The global campaign runs from November 25 (International Day For The Elimination Of Violence Against Women) to December 10 (International Human Rights Day).

“This has been commemorated for almost 20 years now. And you do see in the Caribbean it means a great deal to governments. They often use the 16 days to launch their policies, to identify the policies they’re launching; but also to work at the community level, in schools and churches and elsewhere to raise awareness,” UN women representative and head of the Multi-Country Office for the Caribbean, Christine Arab, tells Barbados TODAY.

“For the women in Barbados, the 16 days provide a platform to concentrate people’s attention on the issue and the root causes of the issue of violence in the region.”

Arab says even though the statistics show that one in three women worldwide will face some kind of abuse in her lifetime, there have been some gains in the campaign against abuse of women.

“But what has changed significantly in the past 20 years is that there’s legislation now; there are protection orders. Those protection orders in Barbados are actively enforced; there are men regularly being brought before the courts for violence. And it sends a very important message that the state does not sanction it.

“Also, younger people understand now that there is such
a thing as domestic violence; that it is wrong. And definitely in UN Women we can see that shift over 20 years,” she says.

But while women’s advocacy groups may celebrate the progress being made within the judicial system, they remain, Arab says, discouraged and frustrated at the number of women losing their lives to abuse.

“. . . That can be very frustrating, because at the heart of it is behaviour change. And behaviour change is one of the hardest things to effect,” she says.

Pointing to its need, Arab said the gradual involvement of men, especially the more influential men in society, in campaigns such as 16 Days Of Activism, is enough reason to be hopeful the desired change will come.

“I think it’s essential. Last year, globally, the executive director for UN Women launched the He For She campaign and [has been] working with our Caribbean partners around He For She, and prior to that working with the Caribbean Male Action Network (CARIMAN).

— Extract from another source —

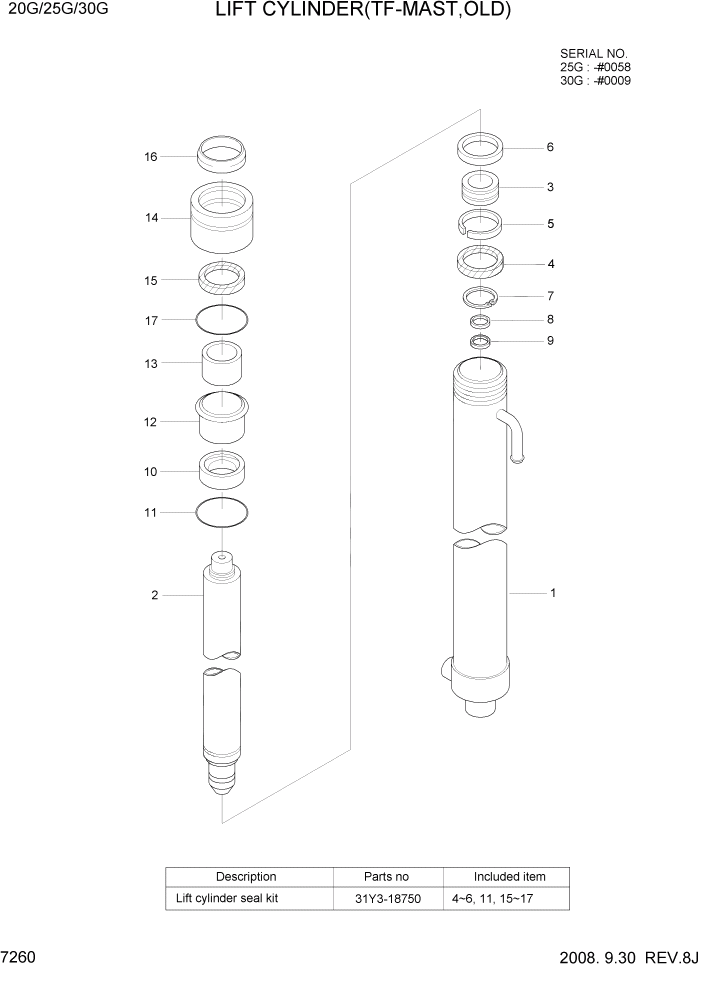 Схема запчастей Hyundai 20/25/30G-7 - PAGE 7260 LIFT CYLINDER(TF-MAST,OLD) РАБОЧЕЕ ОБОРУДОВАНИЕ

“It’s important because violence against women is caused by discrimination –– gender-based discrimination. That’s at the heart of it, and there has to be an understanding that
in gender there’s no discrimination. It’s a shared responsibility of women and men,” Arab says.

She believes that stamping out violence against women is a shared responsibility, and engaging young boys, as well as men, will also help to reduce cases of abuse.

“If you interview young people right now –– young boys; let’s say teenagers in the Caribbean, boys and girls ––
I can almost guarantee you you wouldn’t have a distinction between the girls and the boys in how they assess what is acceptable levels of violence. It means it’s a social issue.
It means that the two have to work together to change it.

“And you cannot approach either the victim or the perpetrator. We are all responsible to some extent that domestic violence has been allowed to happen, and violence against women has been allowed to happen,” Arab said.